> [Your objective]: Copy all the records word for word, apart from any pictures.

> [Listed records]:
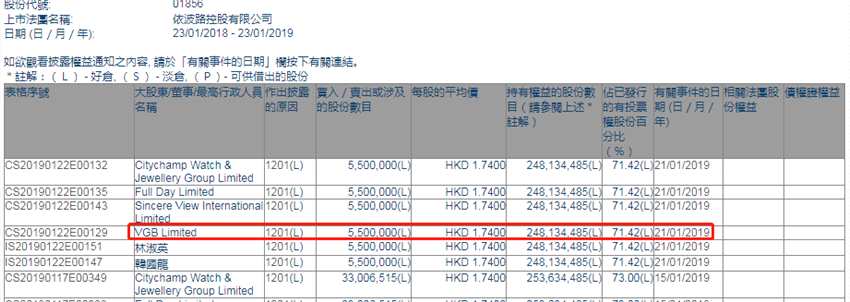 增減持依波路(01856.HK)：VGB減持550萬股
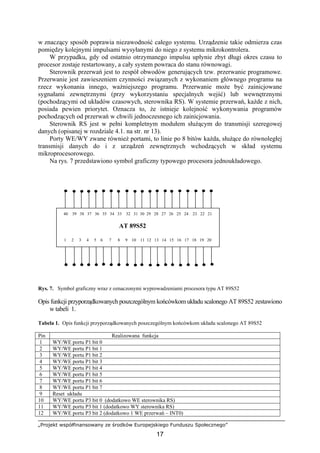 „Projekt współfinansowany ze środków Europejskiego Funduszu Społecznego”
17
w znaczący sposób poprawia niezawodność całego systemu. Urządzenie takie odmierza czas
pomiędzy kolejnymi impulsami wysyłanymi do niego z systemu mikrokontrolera.
W przypadku, gdy od ostatnio otrzymanego impulsu upłynie zbyt długi okres czasu to
procesor zostaje restartowany, a cały system powraca do stanu równowagi.
Sterownik przerwań jest to zespół obwodów generujących tzw. przerwanie programowe.
Przerwanie jest zawieszeniem czynności związanych z wykonaniem głównego programu na
rzecz wykonania innego, ważniejszego programu. Przerwanie może być zainicjowane
sygnałami zewnętrznymi (przy wykorzystaniu specjalnych wejść) lub wewnętrznymi
(pochodzącymi od układów czasowych, sterownika RS). W systemie przerwań, każde z nich,
posiada pewien priorytet. Oznacza to, że istnieje kolejność wykonywania programów
pochodzących od przerwań w chwili jednoczesnego ich zainicjowania.
Sterownik RS jest w pełni kompletnym modułem służącym do transmisji szeregowej
danych (opisanej w rozdziale 4.1. na str. nr 13).
Porty WE/WY zwane również portami, to linie po 8 bitów każda, służące do równoległej
transmisji danych do i z urządzeń zewnętrznych wchodzących w skład systemu
mikroprocesorowego.
Na rys. 7 przedstawiono symbol graficzny typowego procesora jednoukładowego.
Rys. 7. Symbol graficzny wraz z oznaczonymi wyprowadzeniami procesora typu AT 89S52
Opis funkcji przyporządkowanych poszczególnym końcówkom układu scalonego AT 89S52 zestawiono
w tabeli 1.
Tabela 1. Opis funkcji przyporządkowanych poszczególnym końcówkom układu scalonego AT 89S52
Pin Realizowana funkcja
1 WY/WE portu P1 bit 0
2 WY/WE portu P1 bit 1
3 WY/WE portu P1 bit 2
4 WY/WE portu P1 bit 3
5 WY/WE portu P1 bit 4
6 WY/WE portu P1 bit 5
7 WY/WE portu P1 bit 6
8 WY/WE portu P1 bit 7
9 Reset układu
10 WY/WE portu P3 bit 0 (dodatkowo WE sterownika RS)
11 WY/WE portu P3 bit 1 (dodatkowo WY sterownika RS)
12 WY/WE portu P3 bit 2 (dodatkowo 1 WE przerwań – INT0)
AT 89S52
1 2 3 4 5 6 7 8 9 10 11 12 13 14 15 16 17 18 19 20
40 39 38 37 36 35 34 33 32 31 30 29 28 27 26 25 24 23 22 21
 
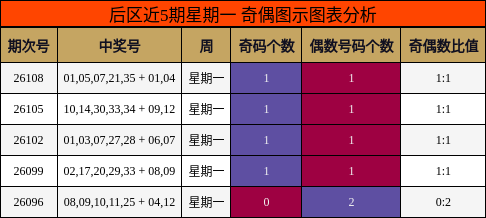 奇偶分析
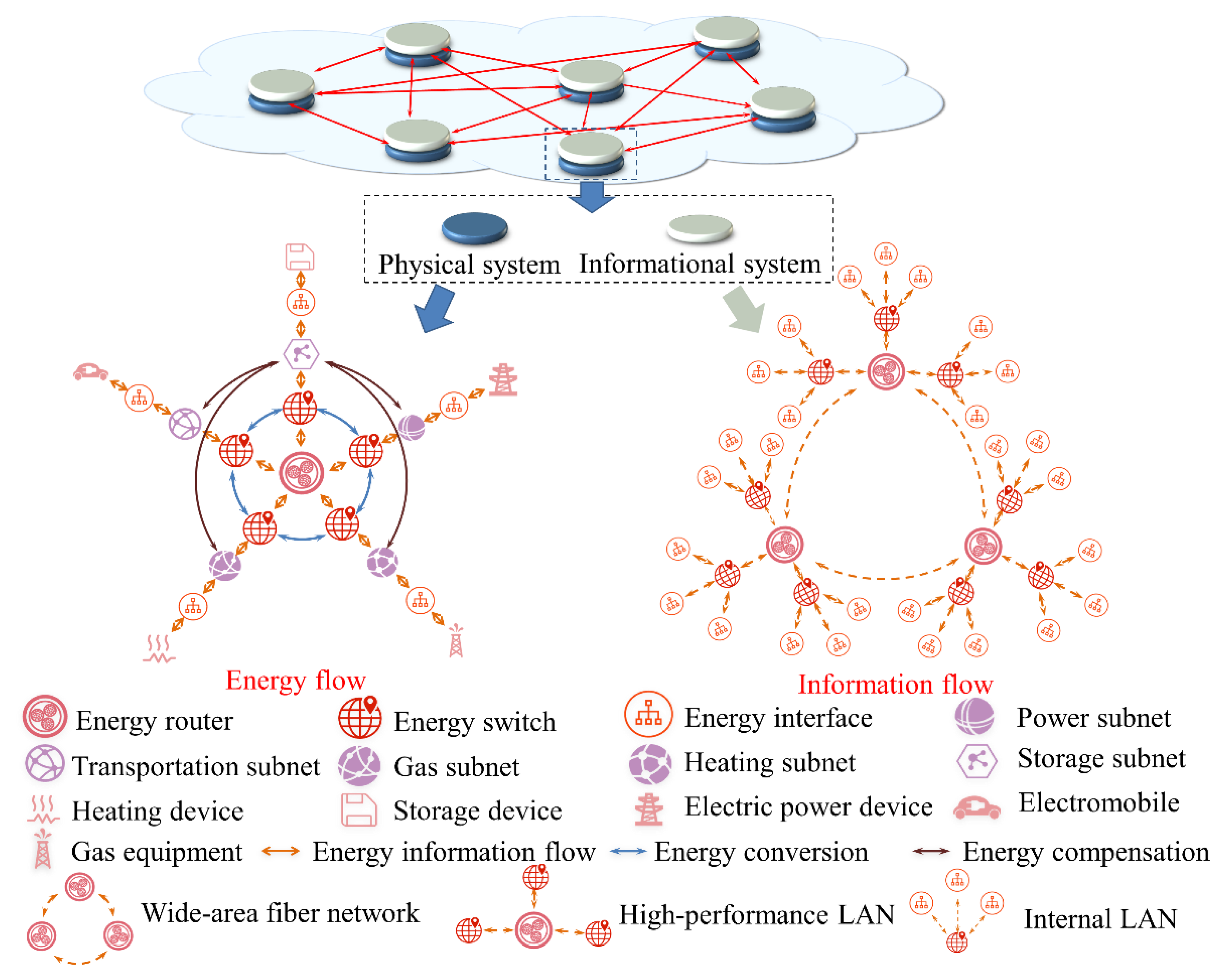 Energies 13 00881 g001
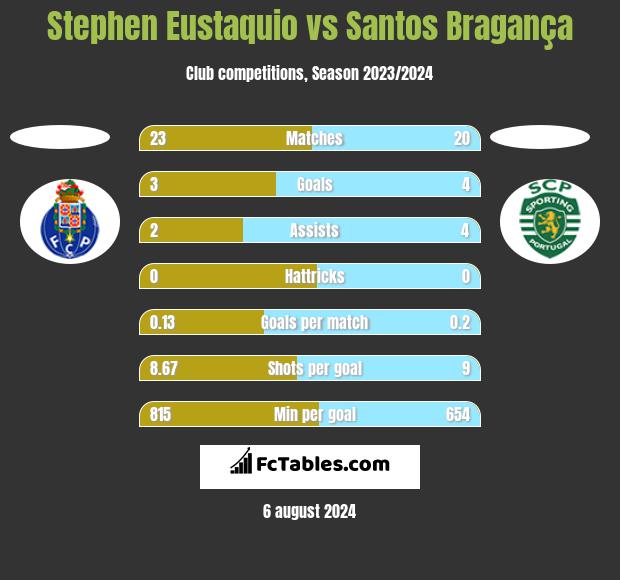 Stephen Eustaquio vs Santos Bragança h2h player stats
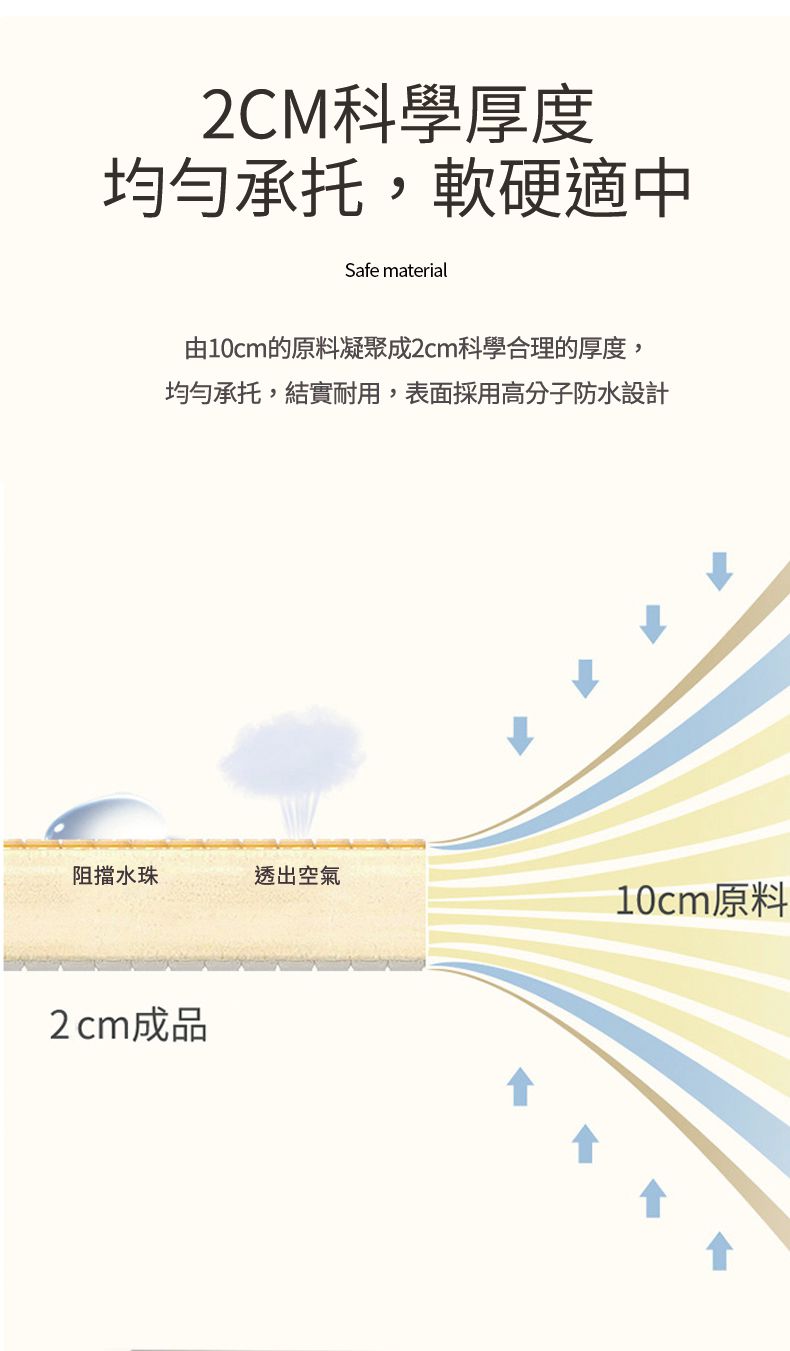 i-Smart - 卡哇伊加厚巧拼墊-動物字母 (六片裝)-單片57x57公分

> [Final answer]:
 增減持依波路(01856.HK)：VGB減持550萬股
 „Projekt współfinansowany ze środków Europejskiego Funduszu Społecznego”
17
w znaczący sposób poprawia niezawodność całego systemu. Urządzenie takie odmierza czas
pomiędzy kolejnymi impulsami wysyłanymi do niego z systemu mikrokontrolera.
W przypadku, gdy od ostatnio otrzymanego impulsu upłynie zbyt długi okres czasu to
procesor zostaje restartowany, a cały system powraca do stanu równowagi.
Sterownik przerwań jest to zespół obwodów generujących tzw. przerwanie programowe.
Przerwanie jest zawieszeniem czynności związanych z wykonaniem głównego programu na
rzecz wykonania innego, ważniejszego programu. Przerwanie może być zainicjowane
sygnałami zewnętrznymi (przy wykorzystaniu specjalnych wejść) lub wewnętrznymi
(pochodzącymi od układów czasowych, sterownika RS). W systemie przerwań, każde z nich,
posiada pewien priorytet. Oznacza to, że istnieje kolejność wykonywania programów
pochodzących od przerwań w chwili jednoczesnego ich zainicjowania.
Sterownik RS jest w pełni kompletnym modułem służącym do transmisji szeregowej
danych (opisanej w rozdziale 4.1. na str. nr 13).
Porty WE/WY zwane również portami, to linie po 8 bitów każda, służące do równoległej
transmisji danych do i z urządzeń zewnętrznych wchodzących w skład systemu
mikroprocesorowego.
Na rys. 7 przedstawiono symbol graficzny typowego procesora jednoukładowego.
Rys. 7. Symbol graficzny wraz z oznaczonymi wyprowadzeniami procesora typu AT 89S52
Opis funkcji przyporządkowanych poszczególnym końcówkom układu scalonego AT 89S52 zestawiono
w tabeli 1.
Tabela 1. Opis funkcji przyporządkowanych poszczególnym końcówkom układu scalonego AT 89S52
Pin Realizowana funkcja
1 WY/WE portu P1 bit 0
2 WY/WE portu P1 bit 1
3 WY/WE portu P1 bit 2
4 WY/WE portu P1 bit 3
5 WY/WE portu P1 bit 4
6 WY/WE portu P1 bit 5
7 WY/WE portu P1 bit 6
8 WY/WE portu P1 bit 7
9 Reset układu
10 WY/WE portu P3 bit 0 (dodatkowo WE sterownika RS)
11 WY/WE portu P3 bit 1 (dodatkowo WY sterownika RS)
12 WY/WE portu P3 bit 2 (dodatkowo 1 WE przerwań – INT0)
AT 89S52
1 2 3 4 5 6 7 8 9 10 11 12 13 14 15 16 17 18 19 20
40 39 38 37 36 35 34 33 32 31 30 29 28 27 26 25 24 23 22 21
 
 奇偶分析
 Energies 13 00881 g001
 Stephen Eustaquio vs Santos Bragança h2h player stats
 i-Smart - 卡哇伊加厚巧拼墊-動物字母 (六片裝)-單片57x57公分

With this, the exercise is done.